START Data shown

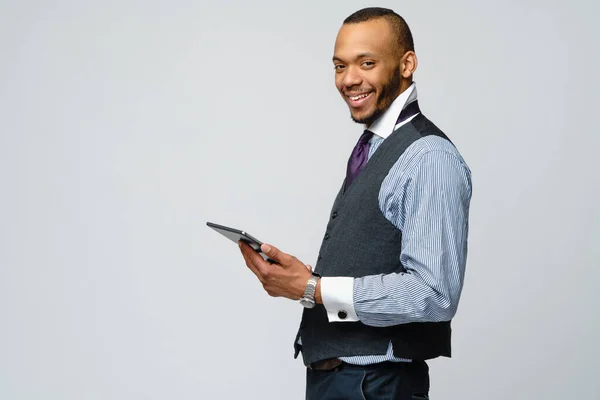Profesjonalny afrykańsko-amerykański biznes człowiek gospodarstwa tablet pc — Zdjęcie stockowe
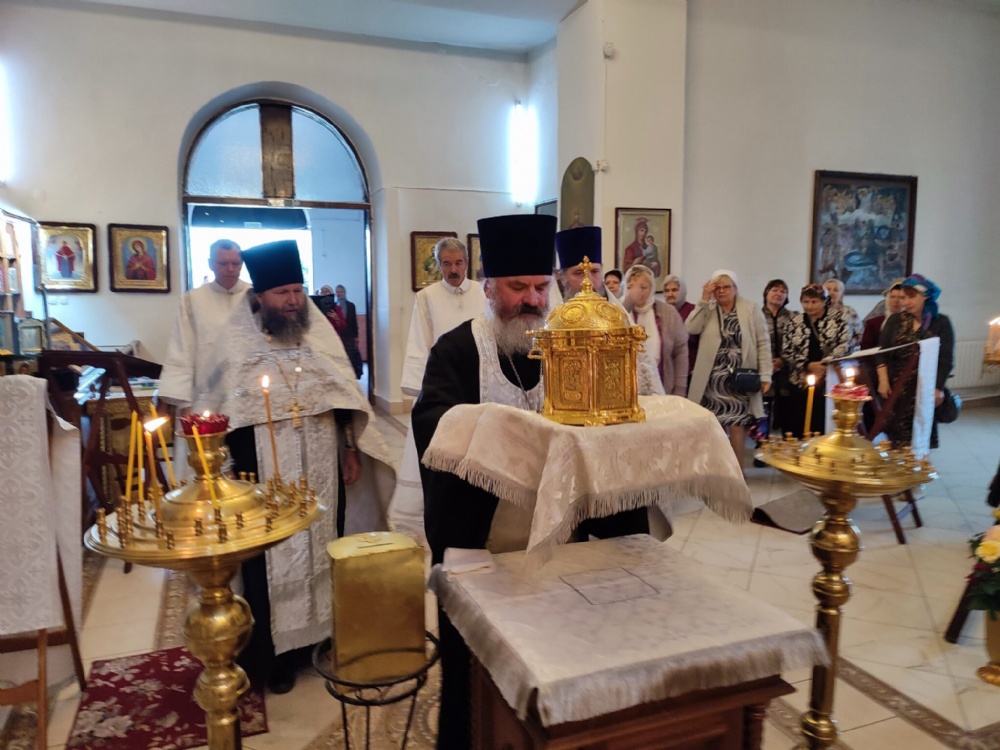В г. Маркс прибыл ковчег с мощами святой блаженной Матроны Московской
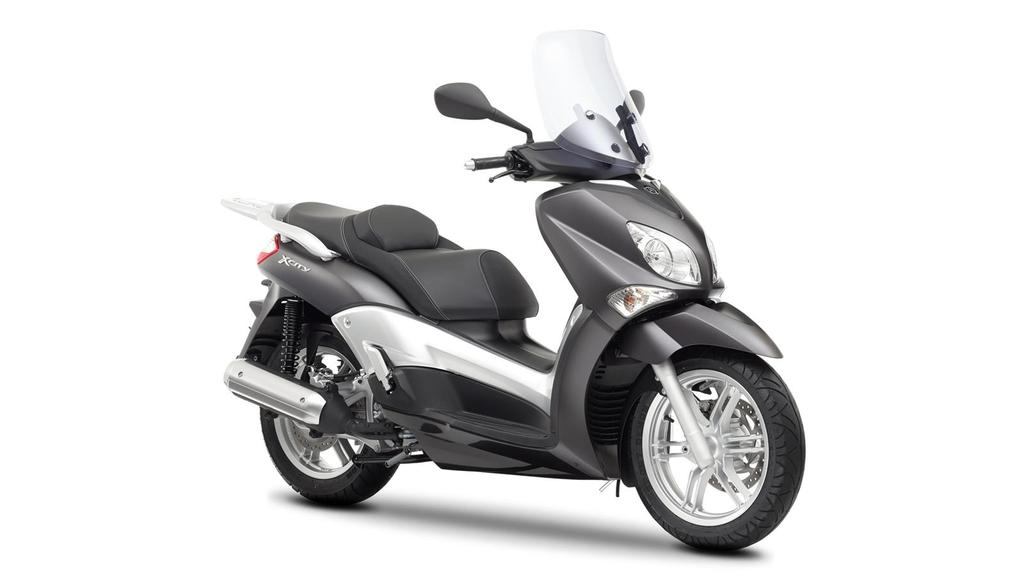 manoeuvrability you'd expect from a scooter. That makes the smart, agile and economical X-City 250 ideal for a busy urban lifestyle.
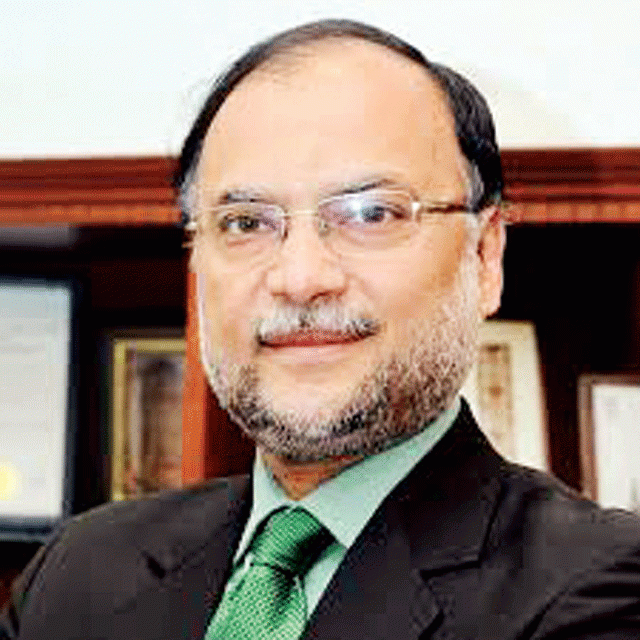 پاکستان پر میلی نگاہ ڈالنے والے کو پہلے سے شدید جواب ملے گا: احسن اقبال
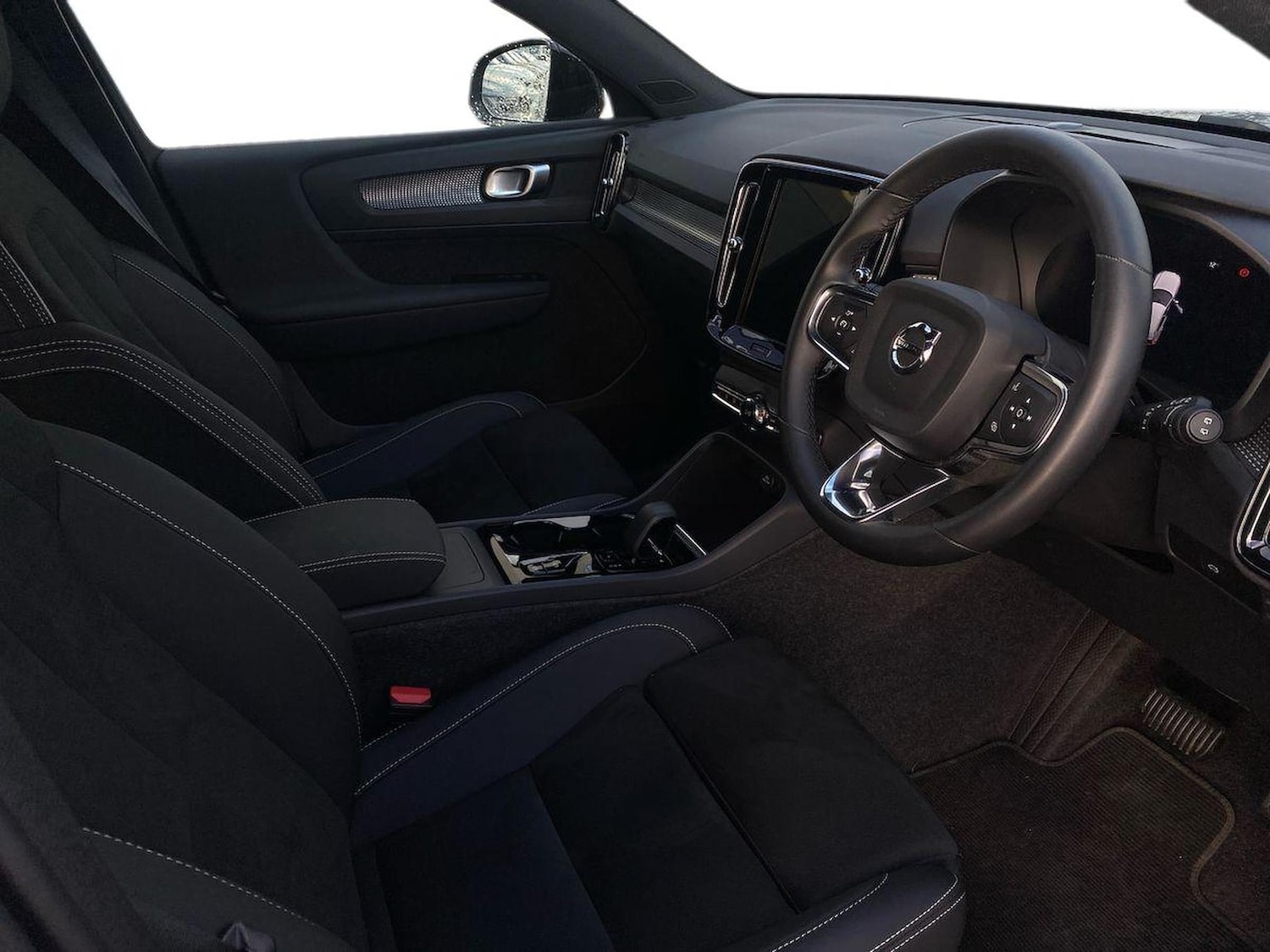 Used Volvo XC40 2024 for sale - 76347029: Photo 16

END Data shown

Exercise aim.
Leaving out only the pictures, retype every record exactly.

Reply to the exercise.
Profesjonalny afrykańsko-amerykański biznes człowiek gospodarstwa tablet pc — Zdjęcie stockowe
В г. Маркс прибыл ковчег с мощами святой блаженной Матроны Московской
 manoeuvrability you'd expect from a scooter. That makes the smart, agile and economical X-City 250 ideal for a busy urban lifestyle.
 پاکستان پر میلی نگاہ ڈالنے والے کو پہلے سے شدید جواب ملے گا: احسن اقبال
 Used Volvo XC40 2024 for sale - 76347029: Photo 16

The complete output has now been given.